Thomas Nowak: Es ist gegenwärtig schwierig abzuschätzen, wo das grösste Potential liegt. Fakt ist, das industrielle Wärmepumpen zunehmend nachgefragt werden. Wie Sie schon andeuten, liegen immense Potentiale in der Nutzung von Fluss-, Ab- und Grundwasser, ebenso wie bei der industriellen Abwärme. Die Vorteile dieser Energiequellen liegen in der vergleichsweise hohen Temperatur und Verfügbarkeit. Gerade Flüsse und Grundwasserströme haben auch eine extrem hohe Wärmekapazität. Großwärmepumpen haben hier ein immenses Potential, da in den genannten Einsatzfeldern häufig Wärme und Kälte gleichzeitig benötigt wird. Wird dann zur Bedarfsdeckung eine Wärmepumpe eingesetzt, kommt es zu einem doppelten Nutzen: die Investitionskosten lassen sich reduzieren, da statt einer Heizung und eines Kühlsystems, nur eine Wärmepupe installiert wird. Da beide Seiten des Kältekreises genutzt werden, geht zudem kaum Energie verloren – die Effizienz ist extrem hoch und die Betriebskosten niedrig.
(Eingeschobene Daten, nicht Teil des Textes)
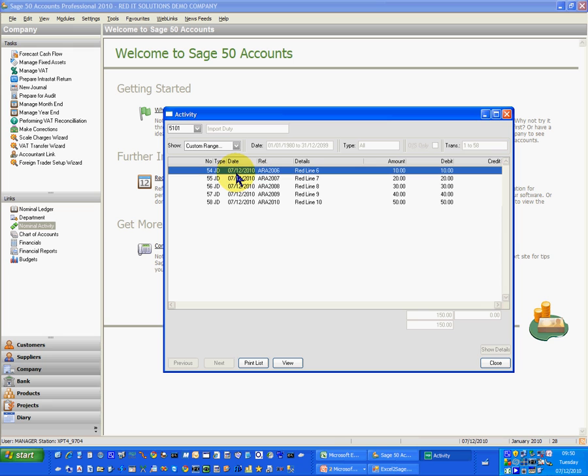Of course, what you can do is save that Excel workbook for recurring journals and just run them as often as you want.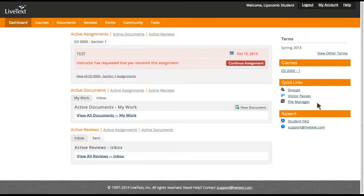Hello, this is Dr. Hope Nordstrom, and I'm going to walk you through how to set up your LiveText portfolio. When you log into LiveText, you will immediately see your dashboard. This is the dashboard in which you will submit your assignments — your key assignments — for every single course.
6) Einen wesentlichen Punkt bei der Energiewende stellt der weitere Netzausbau und die Speicherung von Ökostrom dar. Die Wärmepumpe könnte beides leisten. Zum einen könnten die Stromnetze durch einen höheren Eigenverbrauch z. B. bei Eigentümern von PV-Anlagen entlastet werden. Zum anderen kann Ökostrom aber auch in Wärme umgewandelt und so gespeichert werden. Welche Bedeutung wird diesbezüglich die Wärmepumpentechnik im europäischen Kontext einnehmen?

Thomas Nowak: Nach heutigem Kenntnisstand wird der Ausbau von Produktionskapazität für grünen Strom dem Ausbau der Netze noch einige Zeit vorauslaufen. Gegenwärtig werden Batterien und Elektroautos zur Flexibilisierung der Stromnetzte und zur Verschiebung von Nachfrage- und Angebotsspitzen diskutiert. Dabei wird leider übersehen, dass wir mit Wärmepumpen und den daran angeschlossenen thermischen Speichern und Gebäuden schon heute über eine Möglichkeit der Lastverschiebung und der Speicherung von überschüssigen Strommengen verfügen. Eine Untersuchung für den Deutschen Markt zeigt, dass die Speicherkapazität aller Wärmepumpensysteme die Kapazität von Pumpspeicherkraftwerken schon heute fast erreicht und bis 2020 sogar größer ist. Auch wenn dies weitere Forschung nicht unnötig macht, so kann doch ein immenses Potential mit Hilfe angemessener Rahmenbedingungen und zu vergleichsweise vernachlässigbaren Kosten umgesetzt werden. Hier müssen die Anreize für den Endkunden so gesetzt werden, dass es sich für ihn lohnt, zur Netzstabilität beizutragen. Dies kann etwa durch lastvariable Stromtarife geschehen. Allerdings braucht es hier eine politische Entscheidung. Man darf diese Verantwortung nicht allein den Energieversorgern überlassen.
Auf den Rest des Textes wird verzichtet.